If you lead a church in a similar situation, is it possible for God to turn what feels like defeat into a significant victory? Could your congregation have a lasting impact – in another form? Here are some steps you can take in order to consider a path similar to First Christian Church.
- Determine your core values. Ask: if we had the resources, what would we want to see happen for Christ and his kingdom? What change would we be a part of in our community and the world?
- Assess your potential impact. Ask: What is our best opportunity to have an effect on the causes we value most? Is it now, with our current resources, will there be more effective opportunity later? If later, what must happen in order to have more impact than today?
- Reframe the conversation. Someone must change the language from talk of failure to the vocabulary of opportunity. The image of resurrection is powerful and, if we are genuine believers, we know it is true. In John 12, Jesus tells the disciples, ““Truly, truly, I say to you, unless a grain of wheat falls into the earth and dies, it remains alone; but if it dies, it bears much fruit.” Ask: how can our congregation bear the most fruit?
- Use participatory decision making. Should your congregation decide to follow a path similar to First Christian Church, all of the remaining members need to have the opportunity to participate in the discussions. Each person’s desire may not be fulfilled, but they should be heard and given consideration.
- Get expert advice. Be sure to understand your state’s laws for disbanding and dispersing assets. This step is critical to avoid unnecessary complications.
- Research options for endowed gifts. If you disband and choose to endow specific charities or causes, you have options. Denominational foundations likely do best for the support of their own causes. Local community foundations likely do best to keep the congregation’s name and mission alive in community, faith-based initiatives. (That’s strictly my opinion. Please take it as such.) Be sure to inquire about fees and performance of any organization you consider to manage your endowment.

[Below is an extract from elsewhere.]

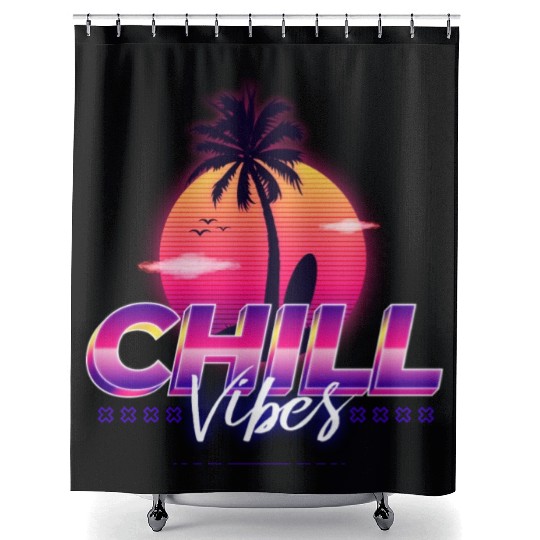 Chill Vibes - Synthwave/Retrowave/Vaporwave 80s Shower Curtains
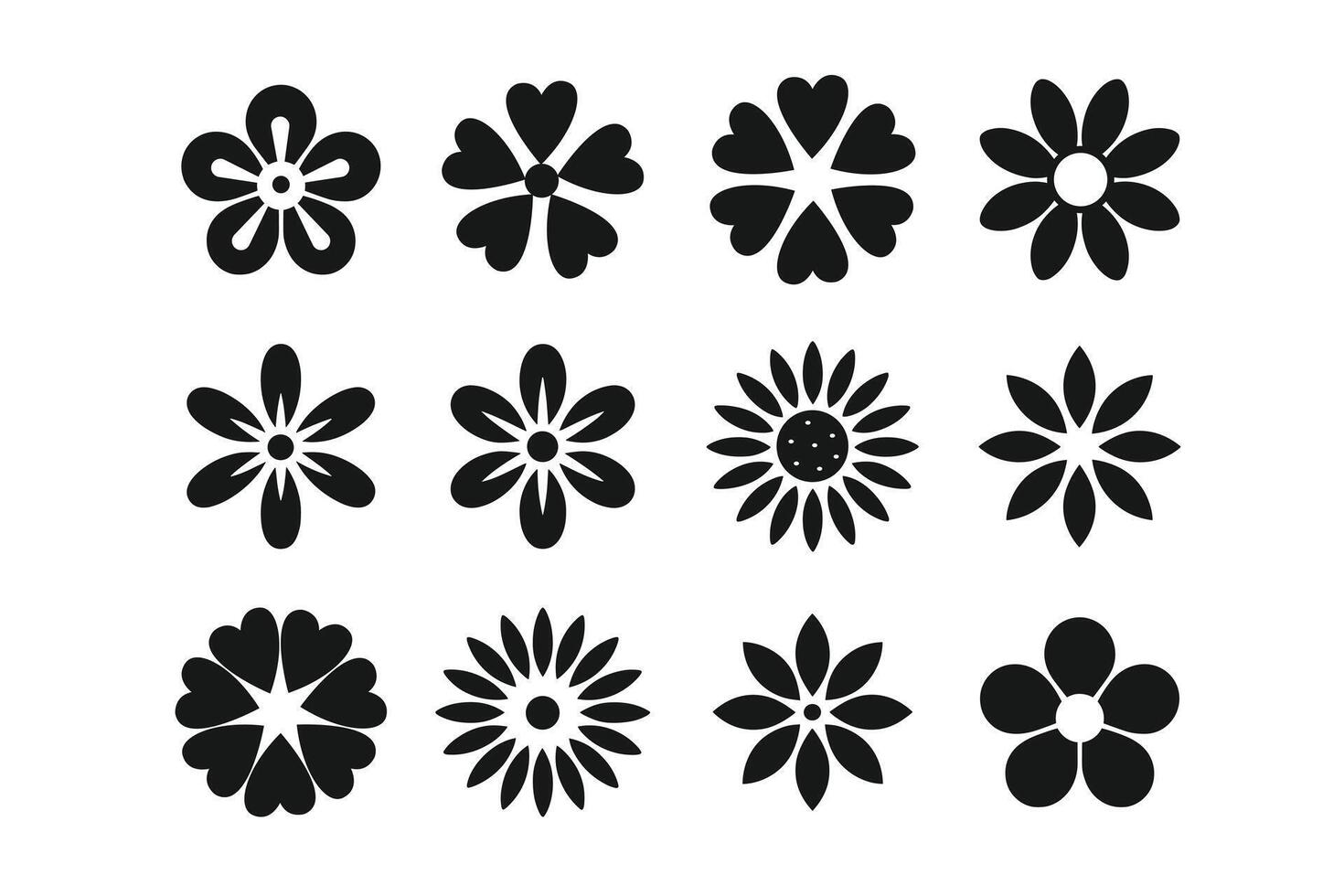 Silhouette flowers icons Set. Set of buds editable stroke symbol illustration on white background vector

- Celebrate new life. If your congregation disbands and you choose to contribute your assets to other Christian causes, celebrate your impact. Gather together and remember the best of your life together. Invite those who will benefit from your giving to share dreams about the life that will be possible because of your congregation’s generosity.
And remember, resurrection is possible. In I Corinthians 15, the Apostle Paul speaks about the mystery of the resurrected body, which we do not yet know. You may not be able to see now what impact your impact might be in another form, but just because we cannot see it today does not mean it is not possible. If we believe Paul’s blessing to the Ephesians: “Now to him who is able to do immeasurably more than all we ask or imagine, according to his power that is at work within us,” who knows what glory there might be in the church… throughout all generations…” (3:20-21).